6 thoughts on “As the raven flies …

  1. Thank you for your pioneering work on the route I intend to walk next summer. Paths all over the country are getting seriously overgrown with the cuts in local government budgets and the collapse of grazing on open land. Seems I may need a strimmer! Those stones are identical to ones I saw on the Bryn Oer tram-road between Trefil and Talybont on Usk in the late 60s. That was a horse-drawn tram-road laid down in the early 1800s.

    • Many thanks, Jeff. There are also similar stones on the route from Penderyn towards the Neath valley which was apparently a very early tram road (I have a feeling it may have been a very early steam-powered tram but C19 industrial archaeology is way past my bed-time!)
      I’m in touch with Caerphilly CBC’s footpaths team and the local Ramblers – we may be able to get volunteers to do some bramble-bashing. The section above the forest is going to be more tricky. 20 years ago I’d have been out there with chain saw and wheelbarrow – Free Fuel! – but there’s also the problem that it’s very boggy and uneven underfoot. You will need good boots.
      The good thing is that the Raven Walk is a promoted path so there is a good chance we can get some maintenance done.


  2. Hi Madeleine
    I’ve spent a lot of time browsing your Cistercian Way website over the years, but I hadn’t come across this blog until a couple of days ago. Perhaps you should put a link on the website so that more people know about it?

    I’m glad to see that the Cistercian Way’s been resurrected. I’ve always thought it’s a great idea for a walk, particularly if you include St David’s and Bardsey, and have often wondered whether anything was ever going to happen with it.

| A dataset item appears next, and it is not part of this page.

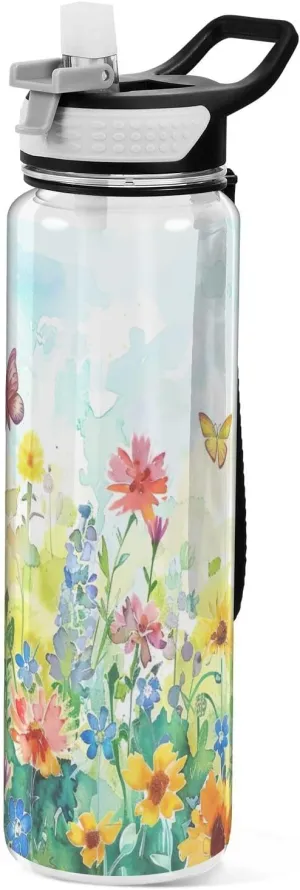 Kigai Transparent Sports Water Bottle 32oz, Field Wildflowers Leakproof Wide Mouth Water Bottle with Straw, BPA Free Water Jug with Detachable Strap & Handle for Fitness Gym Outdoor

    Anyway, your blog inspired me to go for a run up Mynydd Machen yesterday (something I used to do a lot, but haven’t found time to this summer). Having run up the Sirhowy Valley Walk from Rhiwderyn, I tried to follow the path from the ridge down to the track coming up from Castle Farm. Very overgrown! The problem, I think, is the tree still blocking the track above Castle Farm. This has always been a popular route on to the mountain, so the path across the common usually gets a fair amount of use. Once the tree has been removed, things might improve. Assuming they do, this is my suggestion for a route between Twmbarlwm and Mynydd Machen:

    Follow the lane off Twmbarlwm to the south-east. Turn right along the track to Cribarth and Penrhiw. Follow the line of the old lane straight down the hill, across the canal, and into Pontymister. Keep straight across the main road into Danygraig and follow the green lane diagonally up the slope to Ochrwyth. Turn right and up past Castle Farm to the common. Keep ahead along the path to the ridge. Any thoughts? There are more direct paths on to the mountain from Pontymister, but I doubt these will be easy to follow.

    Good luck! Harri

    • I think that would be roughly what I did in my first try at the route ( ) but I completely failed to get through the fallen tree. 20 years ago I’d have been there with a chain saw and a wheelbarrow – Free Fuel! – I’m surprised no-one else has had a go. I’m not actually sure about the legal status of that bit of road – it might be easier to clear than the Raven Walk, the way things are.
      Ah, yes, the web site – it needs so much work that I’m putting it off until we know where we are going. Also I need to find a new home for it as the Newport server and our History programme’s days are numbered, so I may as well get it all done in one go.